Task details —
What you return must match, exactly, the lines running from the one containing "Dry Bones Come" to the end of the data, both included, and must contain no pictures.

Exercise materials —

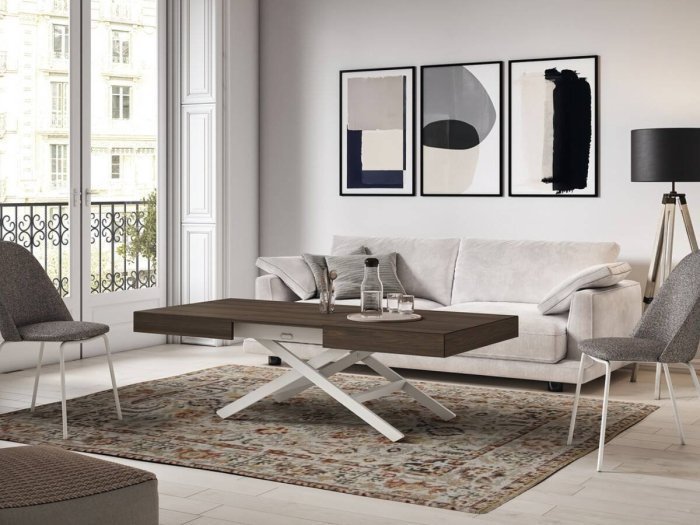 Mesa centro elevable comedor eléctrica modelo HAUSE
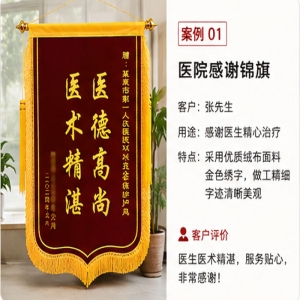 医院感谢锦旗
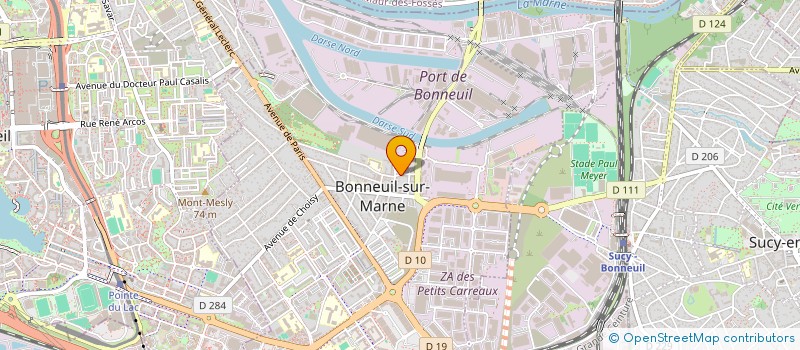 localisation de l'entreprise MONSIEUR ION PETRASCU  BONNEUIL-SUR-MARNE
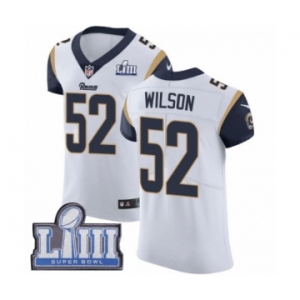 Men's Nike Los Angeles Rams #52 Ramik Wilson White Vapor Untouchable Elite Player Super Bowl LIII Bound NFL Jersey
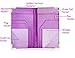 Sonic Server Dazzling Glitter Server Book and Waiter Waitress Organizer for Waitstaff | Magenta Purple Bling | 10 Pockets Holds Guest Checks, Money, Receipts, Order Pad with Pen Holder Loop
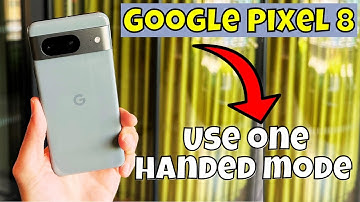 Use one handed mode Google Pixel 8 || How to use one handed mode || One handed mode settings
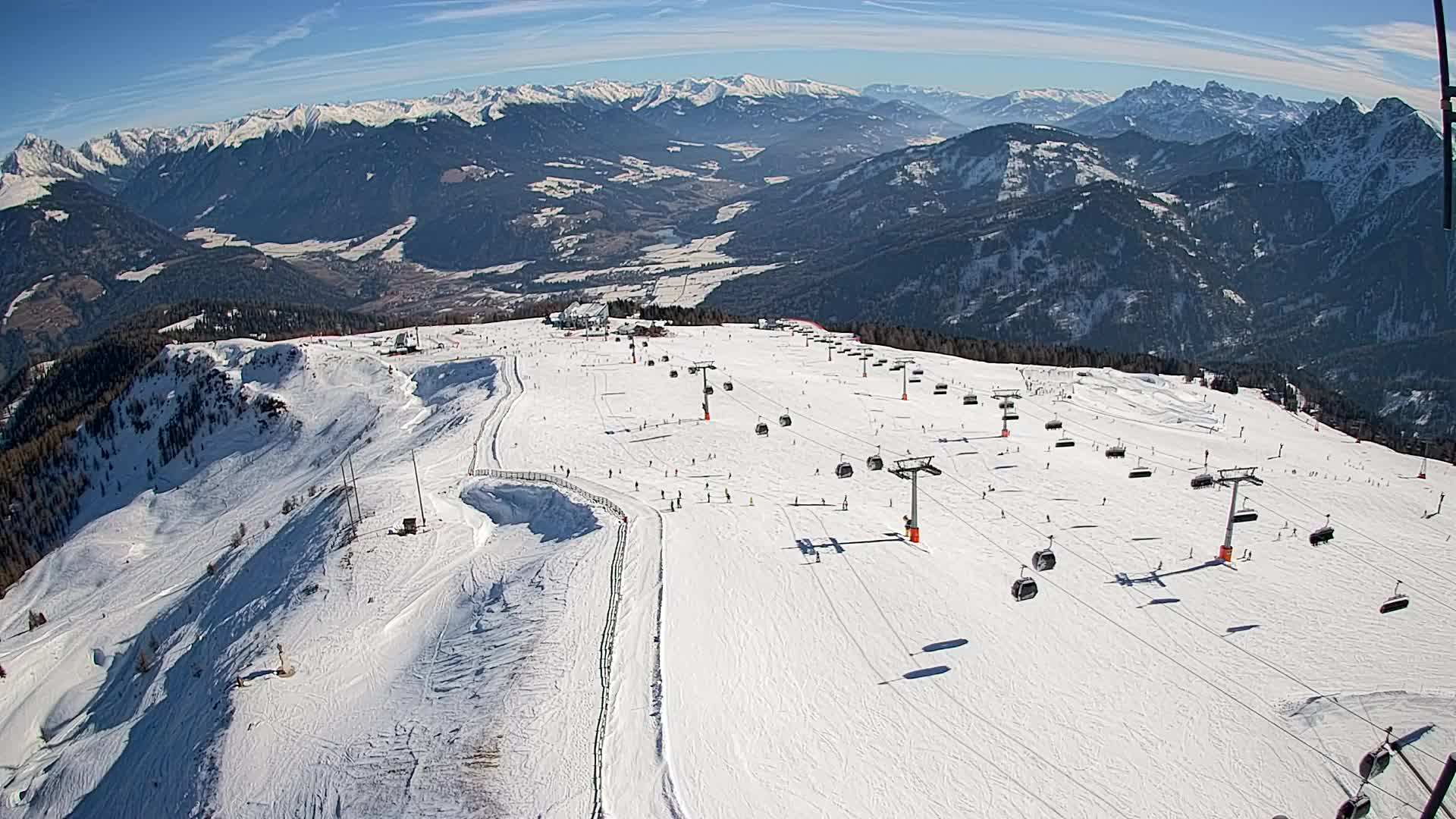 Kronplatz-Gipfel | Blick nach Olang – Valdaora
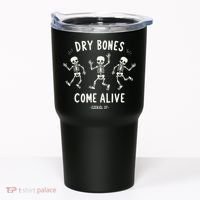 Dry Bones Come Alive Funny Skeleton Dancing Meme Gift Tumbler thumb 0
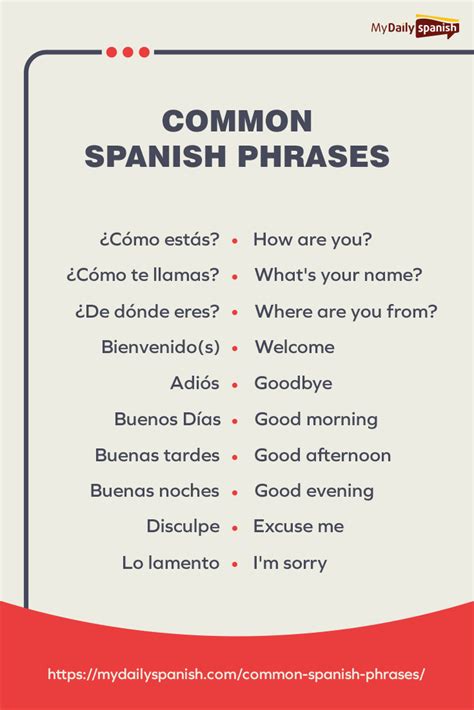 essential spanish phrases  master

The answer —
 Dry Bones Come Alive Funny Skeleton Dancing Meme Gift Tumbler thumb 0
 essential spanish phrases  master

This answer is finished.